2.3.1. Outer Space Treaty (OST)
The Outer Space Treaty (OST) is regarded by many to be the basis of international space law. It was adopted in 1966, and has been signed by 28 nations and ratified by 92 nations including the U.S. and U.S.S.R. [4]. In the treaty, most of the world’s space faring nations agreed to amongst other things [8]:
1) Not place weapons of mass destruction in orbit around the Earth, on celestial bodies, or in space in any manner (Article 4 OST [6]).
2) Outer space and the celestial bodies are not subject to sovereignty, occupation, or national appropriation (Article 2 OST [7]), and
3) The general principles of liability, registration, and jurisdiction (Article VIII OST [8])

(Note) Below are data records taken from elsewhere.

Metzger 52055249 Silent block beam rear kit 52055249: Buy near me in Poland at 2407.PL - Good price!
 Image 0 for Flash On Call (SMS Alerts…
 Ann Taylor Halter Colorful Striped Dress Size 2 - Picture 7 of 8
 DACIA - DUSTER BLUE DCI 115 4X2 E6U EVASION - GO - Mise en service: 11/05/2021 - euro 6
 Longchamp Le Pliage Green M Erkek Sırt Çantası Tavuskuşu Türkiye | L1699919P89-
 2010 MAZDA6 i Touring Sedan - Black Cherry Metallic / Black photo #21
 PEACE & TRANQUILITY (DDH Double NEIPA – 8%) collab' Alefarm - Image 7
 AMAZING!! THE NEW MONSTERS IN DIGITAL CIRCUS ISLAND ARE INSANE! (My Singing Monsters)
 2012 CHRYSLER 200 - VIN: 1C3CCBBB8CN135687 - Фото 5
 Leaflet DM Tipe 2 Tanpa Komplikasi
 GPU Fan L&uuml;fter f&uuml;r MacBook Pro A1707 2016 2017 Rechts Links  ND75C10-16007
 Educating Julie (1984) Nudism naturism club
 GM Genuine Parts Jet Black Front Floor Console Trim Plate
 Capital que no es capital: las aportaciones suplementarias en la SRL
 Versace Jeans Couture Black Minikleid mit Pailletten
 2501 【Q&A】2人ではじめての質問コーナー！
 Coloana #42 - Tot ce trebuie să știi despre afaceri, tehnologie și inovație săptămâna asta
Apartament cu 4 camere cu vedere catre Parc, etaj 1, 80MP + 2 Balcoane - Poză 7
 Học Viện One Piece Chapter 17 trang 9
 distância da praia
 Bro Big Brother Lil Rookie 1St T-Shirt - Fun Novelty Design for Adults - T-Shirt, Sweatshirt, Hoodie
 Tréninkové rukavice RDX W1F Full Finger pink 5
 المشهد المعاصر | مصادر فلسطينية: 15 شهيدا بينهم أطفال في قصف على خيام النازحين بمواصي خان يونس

Denying the enemy radars a view of incoming Allied warplanes would fall under the label of “Information Blockade” in Space Power 2010 by researchers at the Air Force’s Air Command and Staff College. [5] The paper also states that “although the Outer Space Treaty does limit military and industrial activities in space, it alone does not prohibit the achievement of the space power CONOPS (Concept of Operations)” which contains Information Blockade [5]. This must include a favorable interpretation of Article III, which states (emphasis added) [6]:
“States Parties to the Treaty shall carry on activities in the exploration and use of outer space, including the moon and other celestial bodies, in accordance with international law, including the Charter of the United Nations, in the interest of maintaining international peace and security and promoting international cooperation and understanding.”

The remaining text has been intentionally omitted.